The view from the verandah was splendid. The low hills and wooded valleys around Fu’s hideout shone with late spring rain. The air, fresh, with hints of pine and jasmine, made a promise of new life that even Fu, bitter as he was, could not fail to respond to. He was glad that he had begun to make the puzzles that little easier, the traps slightly more escapable, so that the European agents would at least have a chance. Their ends could be, and often were, ghastly, usually involving sharp blades, for which Fu would confess a penchant. But they were not entirely doomed. Fu had come to feel he should share some of his own ability to escape fate, that they too should not necessarily have their lives curtailed. He did not know why. He had begun to have the idea that they were like children, and he was no more than their teacher, a guru of pain. Certainly they did not understand that wisdom must be earned, which explained why he found it so easy to entrap them in the first place – they never had the experience or plain dog sense to try to cover their tracks when they arrived in China. They blustered about Shanghai and Guangzhou, shouting the odds with the locals, many of whom owed something to Fu, and could repay their debt by sharing what they heard. The fools might just as well publish a circular, Fu thought, so brazen were they.
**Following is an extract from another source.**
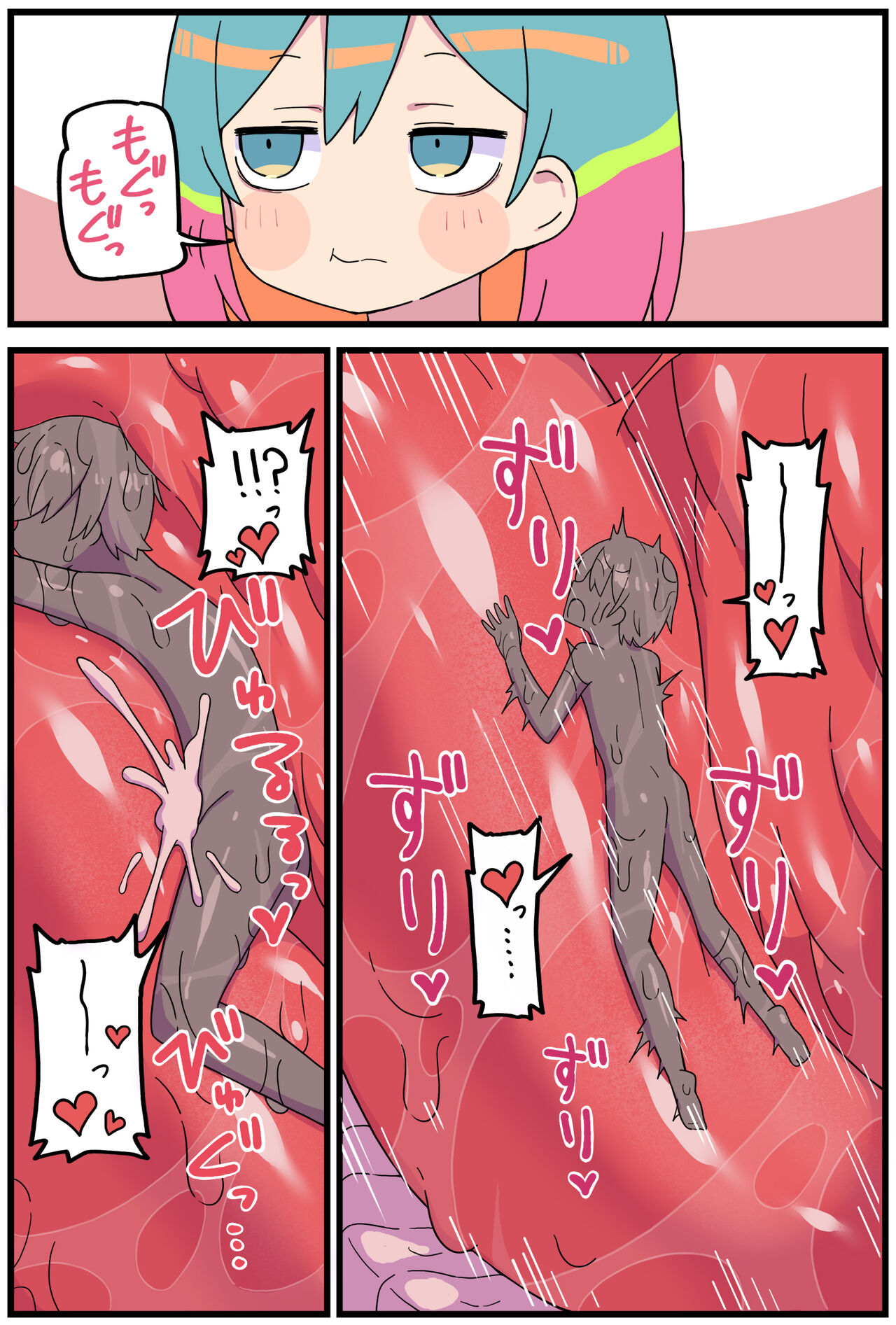 AMGADONGI-chan page 6 full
But it tired him. He bowed his head over the rail of the verandah. He could hear the cries of Landers, who had realised what was planned for him. Fu sighed. What use was life’s game of chess, if one’s opponents must each time be taught the rules, over and over? He walked down from the verandah, on to the path that led down from his hideaway, down through the forest, over the old bridge and into town. He would eat some rice and pass perhaps an hour in contemplation of the people passing by.
*
“The world shall hear from me again,” says Fu Manchu, wishing that this time he will not escape from the abyss and return to one of his hideaways to lick his wounds and once more work up a plan to make himself master of perhaps not the whole world but at least the corner of it he coveted. But he knows that Landers, who did not have the sense to look behind him when he entered a dark room, can inevitably only confront him by the cliffside.
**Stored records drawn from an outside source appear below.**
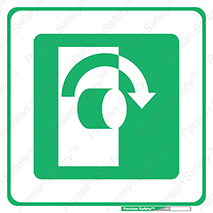 Turn , Open , سمت , بگردانید , 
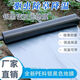 Silver and black two-color mulch film, thickened waterproof white film and black film, reflective mulch film covering weeding and moisturizing plastic film for agricultural use 10Jin Jin equals 0.5 kg 1.2 silk silver and black mulch film 0.6 meters wide
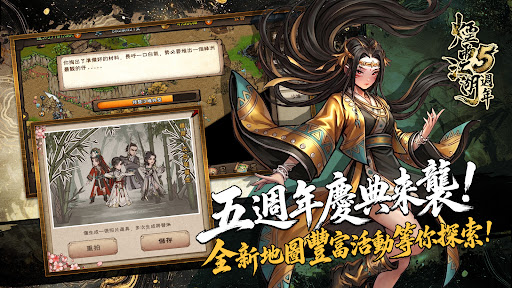 煙雨江湖電腦版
Fu curses. He doesn’t even know whether he’s cursing himself, the Europeans or the world for existing for him to dream of owning. Or nothing at all.
He will turn end over end, his voice fading, until the watching agent can no longer hear it at all, and will not see, will not know that Fu Manchu has concealed a parachute, can fly, will live a thousand years and a thousand more, always striving, always thwarted, always alone.